=== WHAT IS BEING ASKED ===
Your reply should contain nothing except the lines from the one with "Whereas in an" through the end of the listing below, reproduced exactly and stripped of pictures.

=== COLLECTED MATERIAL ===
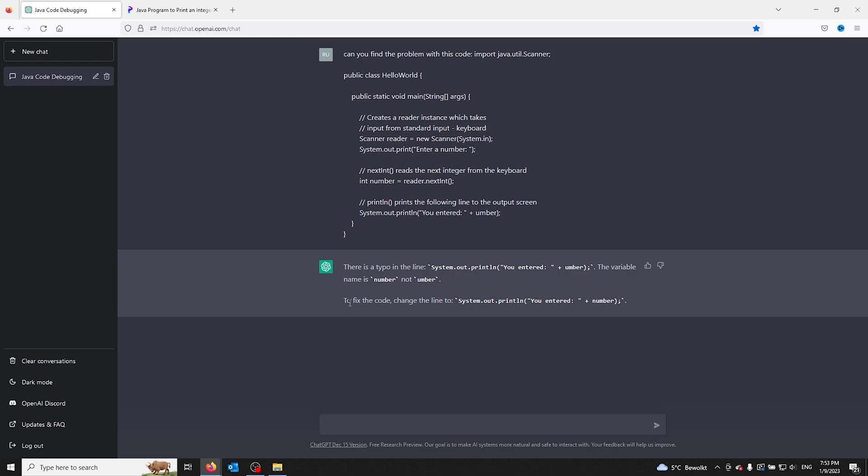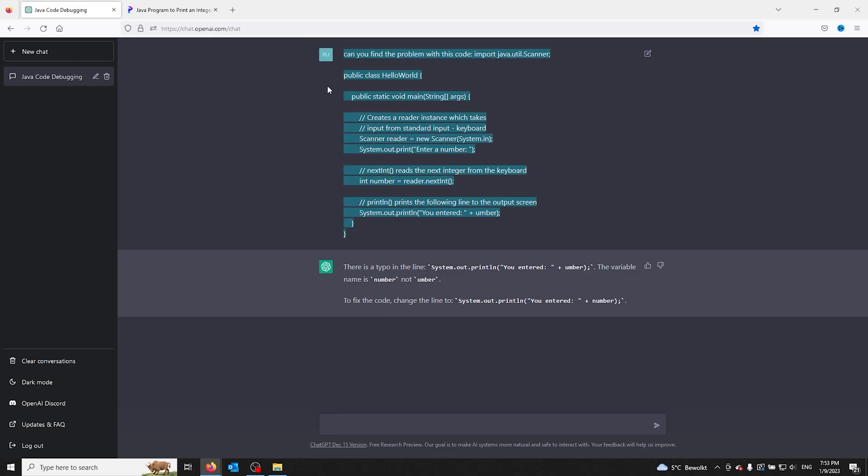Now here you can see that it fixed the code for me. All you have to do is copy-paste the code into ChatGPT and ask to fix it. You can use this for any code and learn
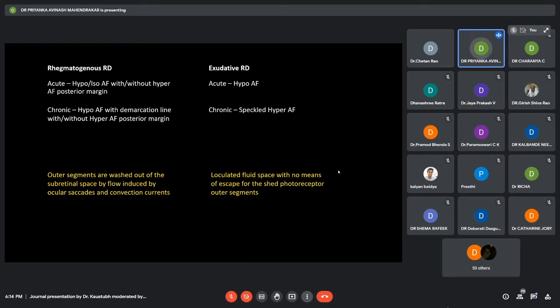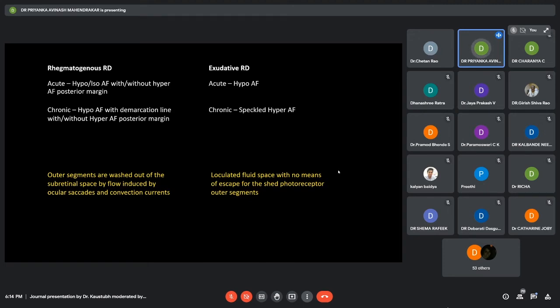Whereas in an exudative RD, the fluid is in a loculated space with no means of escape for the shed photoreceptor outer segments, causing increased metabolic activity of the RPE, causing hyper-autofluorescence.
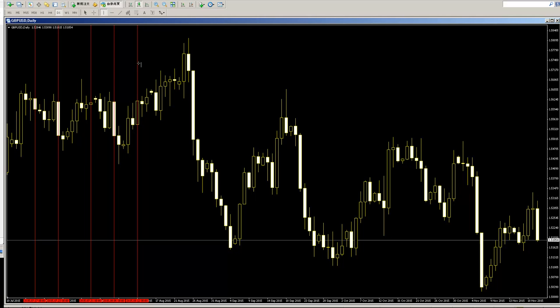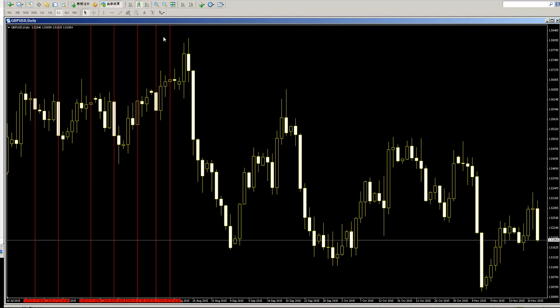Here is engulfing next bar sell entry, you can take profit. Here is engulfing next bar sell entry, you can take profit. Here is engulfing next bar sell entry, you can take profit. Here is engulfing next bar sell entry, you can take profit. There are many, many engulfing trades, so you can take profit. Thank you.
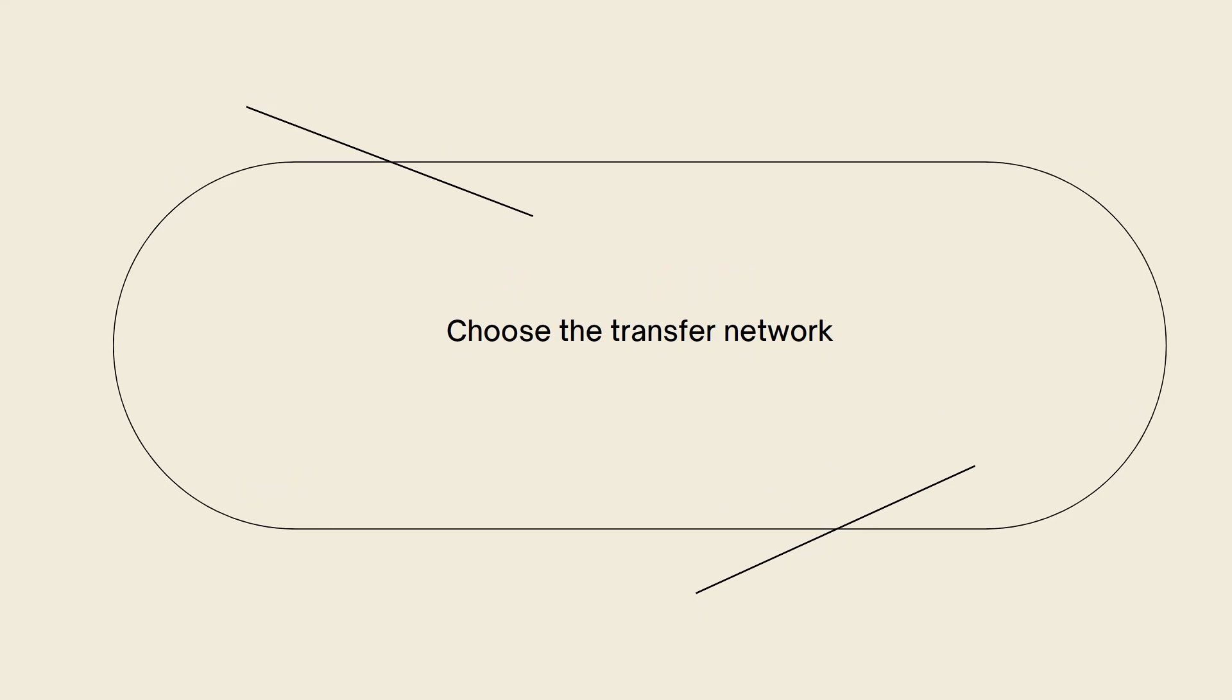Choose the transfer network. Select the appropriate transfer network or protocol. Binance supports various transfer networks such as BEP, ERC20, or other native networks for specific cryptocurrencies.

=== ANSWER BOX ===
Whereas in an exudative RD, the fluid is in a loculated space with no means of escape for the shed photoreceptor outer segments, causing increased metabolic activity of the RPE, causing hyper-autofluorescence.
Here is engulfing next bar sell entry, you can take profit. Here is engulfing next bar sell entry, you can take profit. Here is engulfing next bar sell entry, you can take profit. Here is engulfing next bar sell entry, you can take profit. There are many, many engulfing trades, so you can take profit. Thank you.
Choose the transfer network. Select the appropriate transfer network or protocol. Binance supports various transfer networks such as BEP, ERC20, or other native networks for specific cryptocurrencies.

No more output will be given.